Si c'est cela que vous visiez, je réponds que telle n'est pas la question. Il ne s'agit pas de savoir si j'ai raison sur tout mais si telle doctrine que je professe est vraie (particulièrement lorsqu'elle s'oppose à d'autres). A cette réponse, certains préfèrent dire que chacun pense ce qu'il veut et que nul ne peut dire où est la vérité. Je pense que cette position, loin d'être basée sur la tolérance, est basée sur le mépris de la vérité et l'indifférence. En gros, on dit à l'autre : tu peux bien croire ce que tu veux, au fond ça ne m'intéresse pas et je n'ai vraiment pas envie de savoir si ce que tu dis est vrai.

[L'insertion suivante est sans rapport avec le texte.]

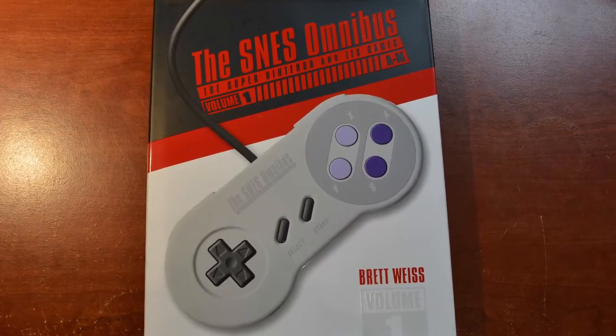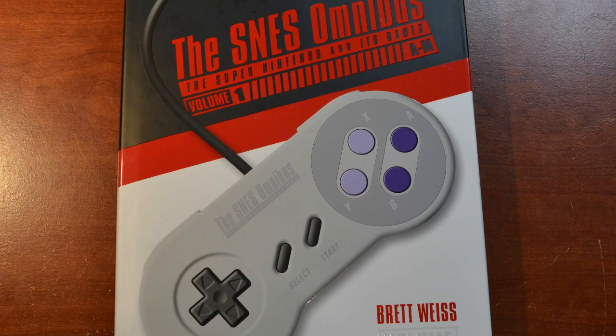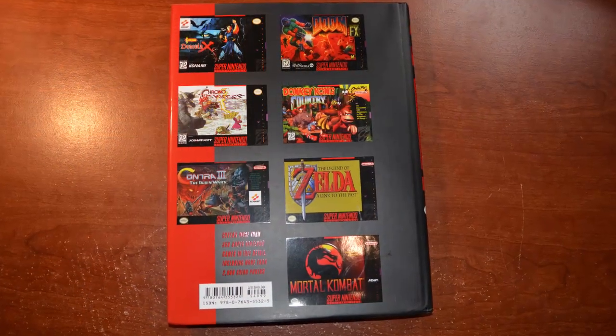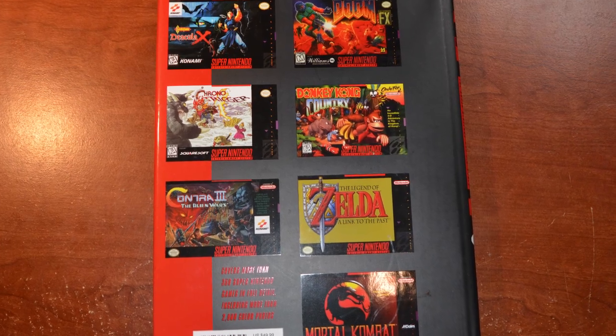Now let's get to the real part of the package. I got my copy of the SNES Omnibus — The Super Nintendo and Its Games — Volume One, games from A to M. I ordered this from him probably four or five months ago and I'm really looking forward to getting it. I'm going to do a review on it in the near future, so probably in the next couple of weeks you'll see a review pop up on this as well as the Complete SNES Definitive Guide by Jeffrey.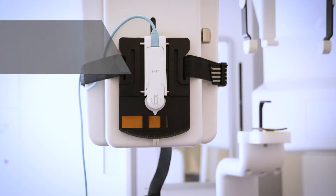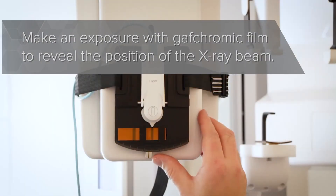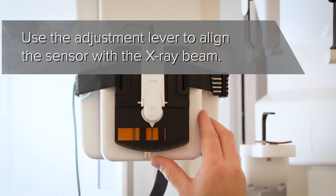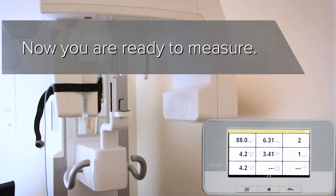Make an exposure with gafchromic film to reveal the position of the X-ray beam. Use the adjustment lever to align the sensor with the X-ray beam. Now you are ready to measure.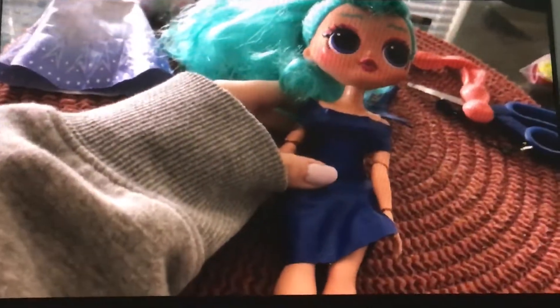Now I'm going to move on to outfit number two. I'm going to make something with this balloon, so let's get started. I just finished her clothes, and she looks great.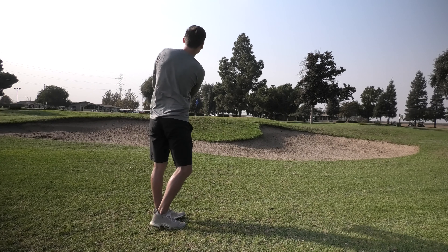All right, so first hole down, we got a bogey. We're playing no-hat golf right now because it's pretty nice out here. The weather is about 72. It's a little bit sunny, and in the shade, it's kind of chilly, so I wore a long sleeve.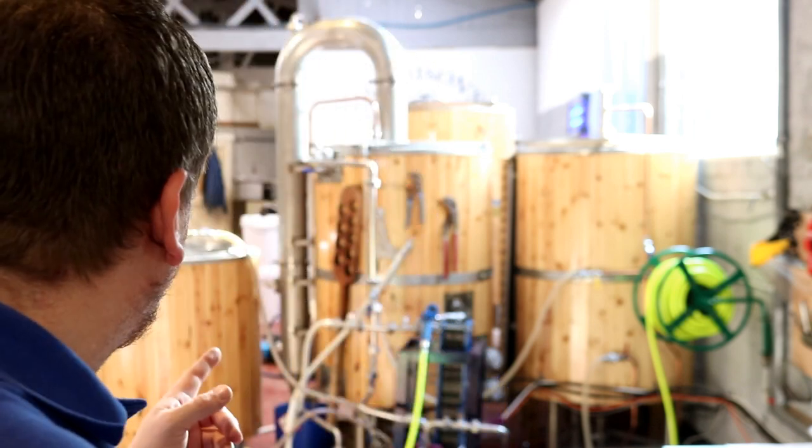This morning we've mashed in, we've pretty much got all the tanks clean and ready to go. I'm just about to start the transfer — I'm vorlaufing at the moment. It's a funny word that, isn't it. So let's zip you off the tripod and go have a look at what we've done.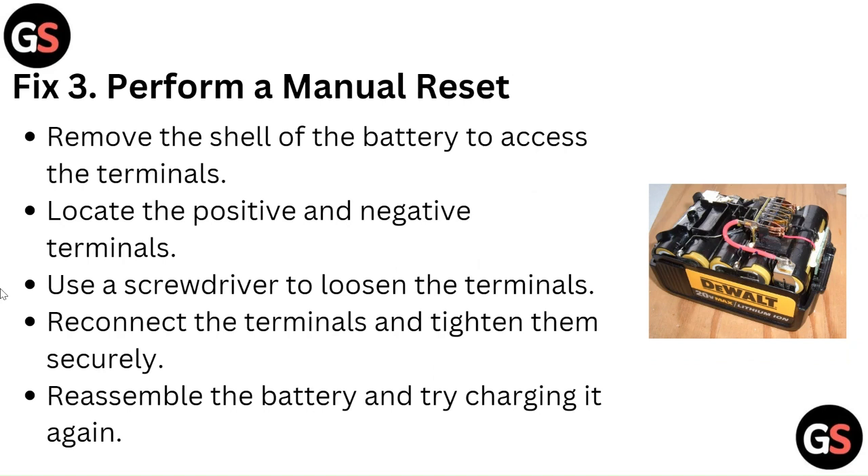Fix 3: Perform a manual reset. Remove the shell of the battery to access the terminals. Locate the positive and negative terminals. Use a screwdriver to loosen the terminals. Reconnect the terminals and then tighten them securely. Reassemble the battery and try charging it again.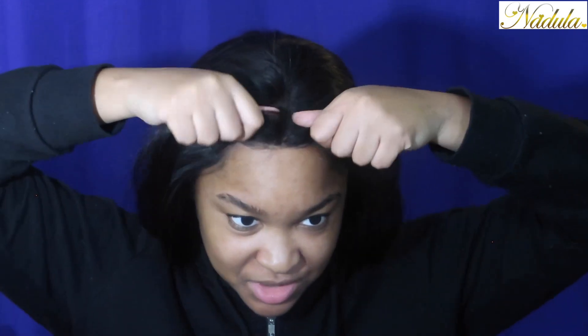I'm only doing the middle part so I'm not really plucking the sides since I'm just going to have the hair straight down. I just need to pluck the middle part. Anyways, we're going to lay the hair down with some glue.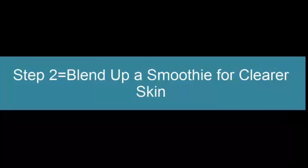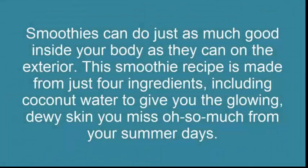Step 2: Blend Up A Smoothie For Clear Skin. Smoothies can do just as much good inside your body as they can on the exterior. This smoothie recipe is made from just 4 ingredients, including coconut water, to give you the glowing, dewy skin you miss from your summer days.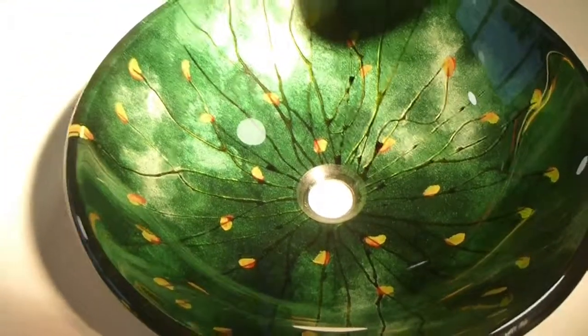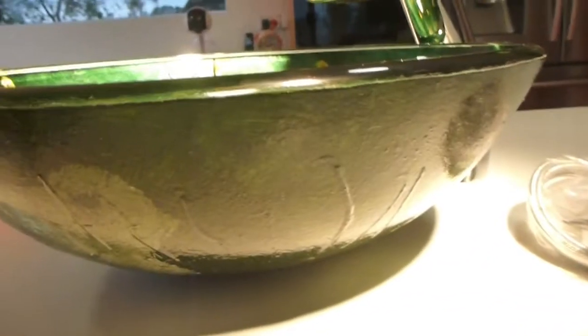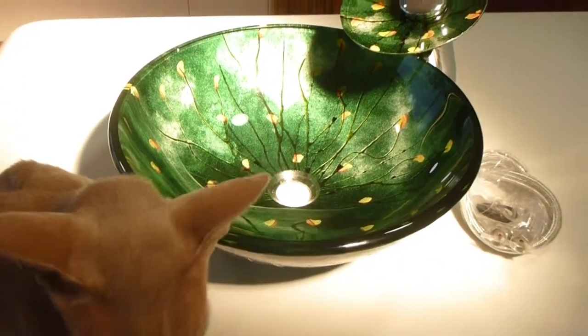Just one last look — it's absolutely beautiful isn't it. That's the outside of the basin. And we're going to pretend that the cat is not normally allowed up on the bench.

Vous savez, je crois que notre intelligence est faite pour connaître le vrai. C'est ce vers quoi elle tend naturellement.

Bien à vous,
« Dieu fournit le vent. A l'homme de hisser la voile. » (Saint Augustin)

Avatar de l’utilisateur
Gehennam
Censor
Censor
Messages : 126
Inscription : mer. 01 août 2012, 11:18

Re: De la vérité (et de quelques autres points)

Message non lu par Gehennam » lun. 06 août 2012, 16:20

Quand je parlais de l'histoire, je voulais dire que même si nous avons des traces de ce qu'il s'est passé par le passé, nous n'aurons jamais la vérité complète. Pour des raisons politiques ou simplement humaines, il est assez fréquent que le survivant transmettant l'histoire à ses successeurs modifie, même légèrement la réalité. De fil en aiguille, l'enseignement prodigué aujourd'hui, quelle que soit l'école qui enseigne, peut très bien avoir été inégalement transmis depuis le passé vers le présent.

En ce qui concerne la vérité, je complèterai mon propos par ceci : nul ne détien LA Vérité. Nous en détenons tous une partie.
Je ne nie pas que la Vérité puisse être sue, je dis juste qu'elle ne le pourra pas tant que toutes les formes de vies présentes dans l'univers ne mettrons pas leurs connaissances en commun. Nous pouvons tous l'entrevoir, mais notre imperfection fait que nous ne ferons toujours que l'entrevoir, jamais l'atteindre.
J'adhère personnellement au relativisme actuel, en ce sens où chacun détient sa propre vérité, a sa propre "recette" ou voie pour être heureux, et tout ce que cela implique. Je ne m'arrête cependant pas à cela, restant persuadé qu'une Vérité (que j'appelle volontiers absolue) existe mais restera à jamais hors de portée de notre intelligence limitée.

En résumé, pour connaître la Vérité, il faudrait selon moi, être Omniscient, qualité que Dieu seul possède...

Bien à vous,

Edit : rajout du texte en italique :)

Avatar de l’utilisateur
Raistlin
Prætor
Prætor
Messages : 8038
Inscription : jeu. 01 mars 2007, 19:26
Localisation : Paris

Re: De la vérité (et de quelques autres points)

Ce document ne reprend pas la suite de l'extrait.